Die Kompositionen, die Meisterregisseure wie Martin Scorsese und Stanley Kubrick so gern einsetzten, sind der bekannteste Teil eines großen und facettenreichen Werks. György Ligeti kam durch Kubrick zwar zu Ruhm kam, aber nicht zu Geld. Denn der Meisterregisseur hatte für seine Space Odyssey Ligetis „Atmosphères“ einfach geklaut.
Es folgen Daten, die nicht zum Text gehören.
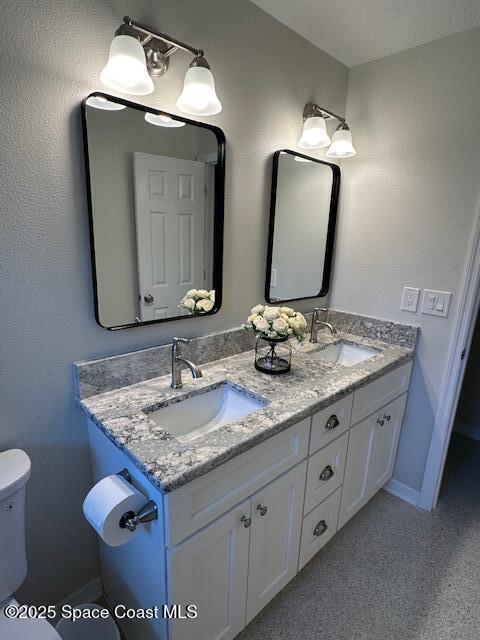 bathroom featuring toilet, double vanity, and baseboards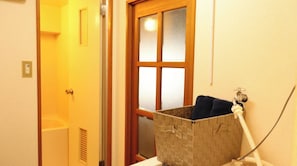 A bathroom with a wooden door, a window, and a towel rack.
Ligeti war wohl der populärste unter den Avantgardisten, auch wenn er mit seinen komplexen Kompositionen kompromisslos neue Wege beschritt.
Geboren 1923 als Kind ungarischer Eltern in Siebenbürgen, wurden sein Vater und sein Bruder von den Nationalsozialisten ermordet. 1956 floh er nach dem Ungarn-Aufstand nach Wien und nahm später die österreichische Staatsbürgerschaft an. Aus seiner alten Heimat nahm er wesentliche Einflüsse mit, wie etwa Tonschöpfungen von Bèla Bartòk. Ideologien allerdings misstraute er zeit seines Lebens.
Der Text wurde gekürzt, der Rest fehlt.